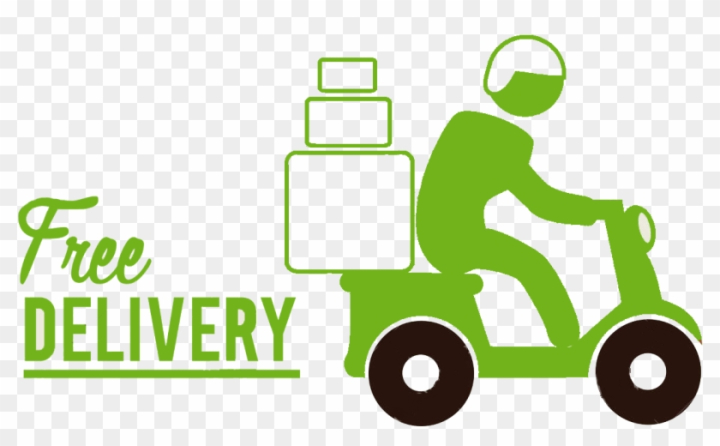 Green delivery rider on scooter with stacked boxes and "Free Delivery" text.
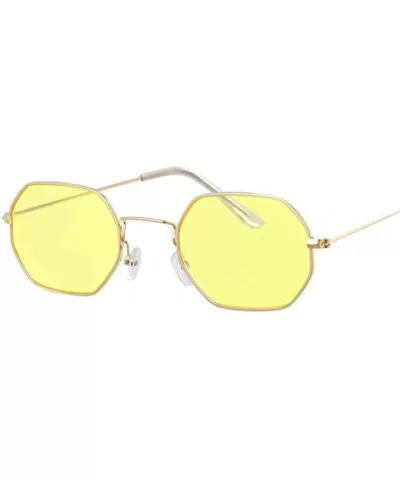 Small Round Vintage Mirror Lenses UV Protection Unisex Sunglasses by - Gold Yellow - CK18TYSK5WO $16.64 Oversized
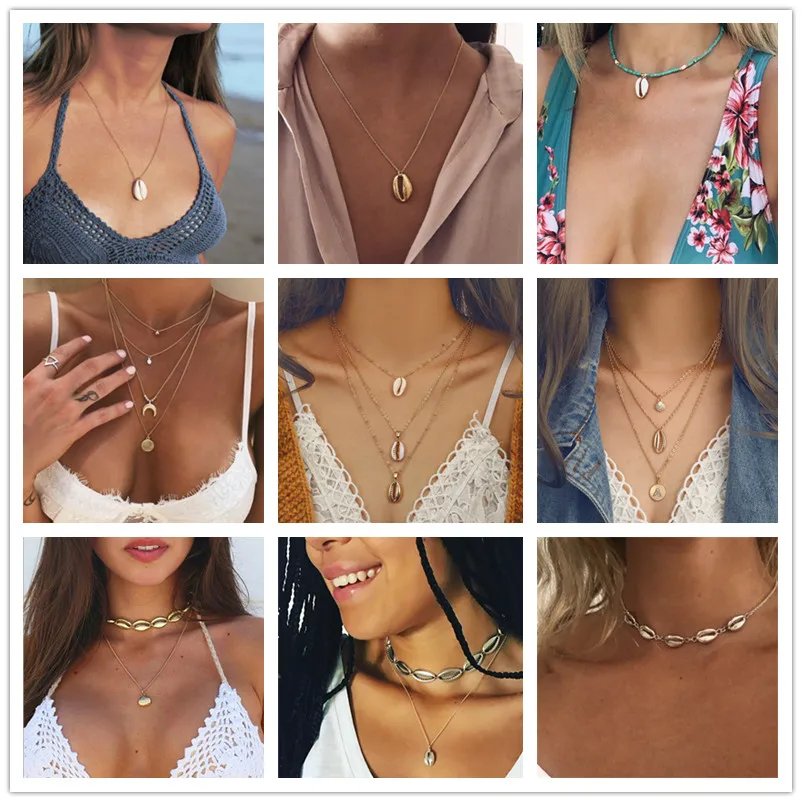 Fashion Bohemian Multilayer Ocean Seashell Beach Pendants Necklace Women Fashion Gold Color Beach Shell Chain Necklace Jewelry
Fashion Bohemian Multilayer Ocean Seashell Beach Pendants Necklace Women Fashion Gold Color Beach Shell Chain Necklace Jewelry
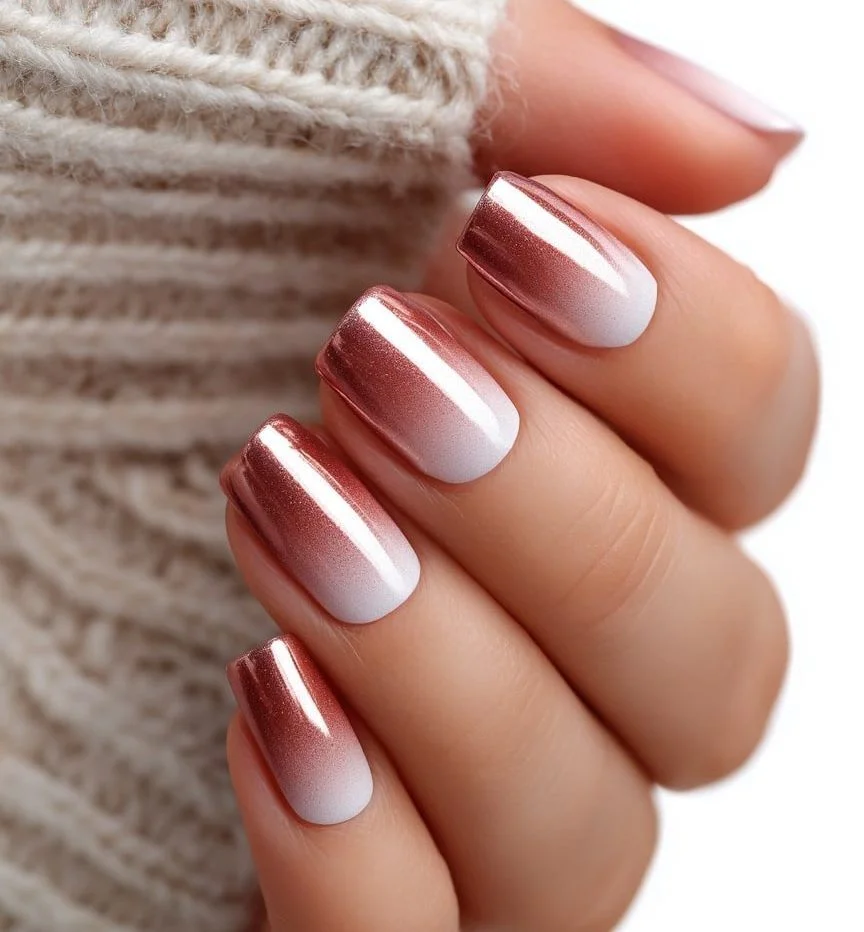 Святкове омбре на день матері в коричнево-золотистих відтінках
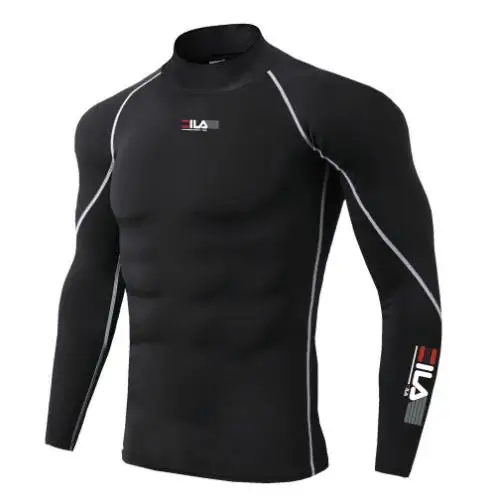 Mens Bodybuilding Sports Tight T-Shirt Compression Turtleneck Short Sleeve Gym Fitness Quick Dry Running Male Workout Tops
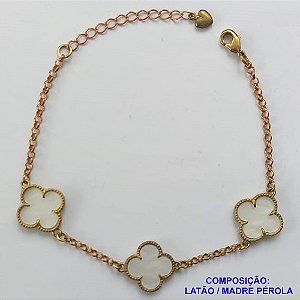 PULSEIRA NO BRUTO PRONTO PARA O BANHO  -  PULSEIRA FEMININA COM 3 PINGENTES TIPO VAN CLEEF 14MM MADRE PÉROLA- TAMANHO 18CM COM EXTENSOR E FECHO LAGOSTA - PESO 4,5GR - BRU9754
# # # # #
Only the lines from the one that holds "Mens Bodybuilding Sports" through the end of the records above should be printed again, exactly as they are. Leave out the pictures.

 Mens Bodybuilding Sports Tight T-Shirt Compression Turtleneck Short Sleeve Gym Fitness Quick Dry Running Male Workout Tops
 PULSEIRA NO BRUTO PRONTO PARA O BANHO  -  PULSEIRA FEMININA COM 3 PINGENTES TIPO VAN CLEEF 14MM MADRE PÉROLA- TAMANHO 18CM COM EXTENSOR E FECHO LAGOSTA - PESO 4,5GR - BRU9754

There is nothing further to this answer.